Pronto se produjeron roces a causa de los privilegios y derechos de la compañía y de los ciudadanos estadounidenses en el Paraguay. En 1854 se canceló a Hopkins su patente de cónsul y los bienes de la compañía fueron confiscados.

En Enero de 1855, como insulto final, un navío perteneciente a Estados Unidos, el “Water Witch” de la expedición científica, fue tiroteado desde un Fuerte paraguayo mientras trataba de entrar en el río Paraguay y el timonel fue asesinado.

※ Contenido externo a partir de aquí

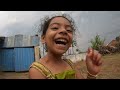 ಮುಂಗಾರು ಮಳೆ ಸಿನಿಮಾ ಚಿತ್ರೀಕರಣ ಆಗಿದ್ದು ಇಲ್ಲೇ ನೋಡಿ⚡Manjarabad Fort , ಮಂಜರಾಬಾದ್ ಕೋಟೆ | Kannada Vlog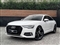 Audi A6 Image 1
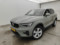 preview Volvo XC40 #0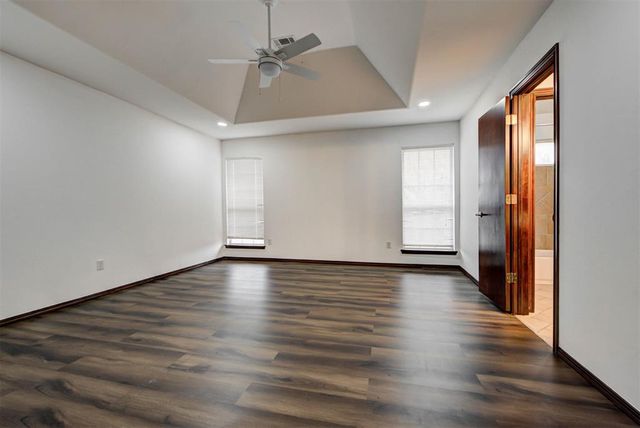 12700 Whitefield Circle, Oklahoma City, OK 73142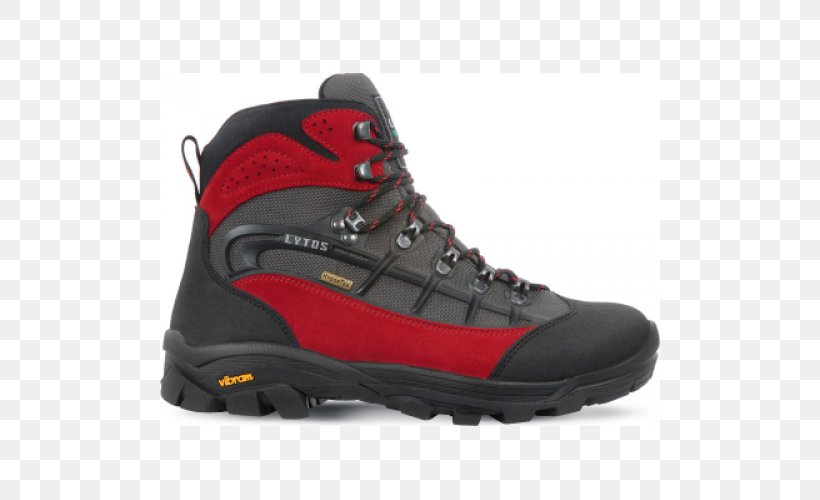 Shoe Hiking Boot Walking Sneakers, PNG, 500x500px, Shoe, Athletic Shoe, Black, Black M, Boot Download Free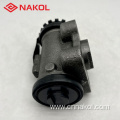 Brake Wheel Cylinder for ISUZU 8-97139-825-0 8971398250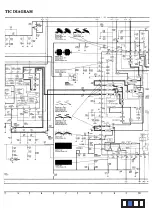 Предварительный просмотр 61 страницы Panasonic NV-SD300AM Service Manual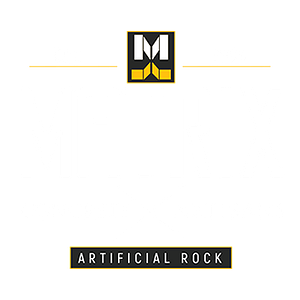 Matrix Concrete Artisans, Inc. - Logo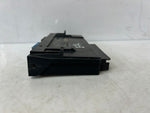 Bild in die Galerieansicht laden, BMW E87, E90, and E81 1 Series Body Control Module BCM 9176882 OEM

Como tan a menudo ocurría en sus tratos con los ciudadanos de países extranjeros, López se negó a presentar sus excusas. Con el tiempo, el Congreso de los Estados Unidos destinó fondos para enviar una comisión al Paraguay respaldada por una poderosa expedición y obligar a este país al pago de una indemnización.

Cuando estas noticias llegaron a Río de Janeiro a fines de Julio de 1858, De la Peña pensó que Urquiza podía lograr la eterna gratitud del Paraguay si se presentaba en esa emergencia como mediador. El presidente de Paraguay contestó con palabras que indicaban que no era indiferente al ofrecimiento de amistad de la Confederación.

Si bien declaraba que estaba seguro que se produciría una completa ruptura de relaciones con los Estados Unidos, ya que Paraguay no podía entregarse al primer pirata que aparecía por sus costas, expresó que apreciaba el ofrecimiento de Urquiza.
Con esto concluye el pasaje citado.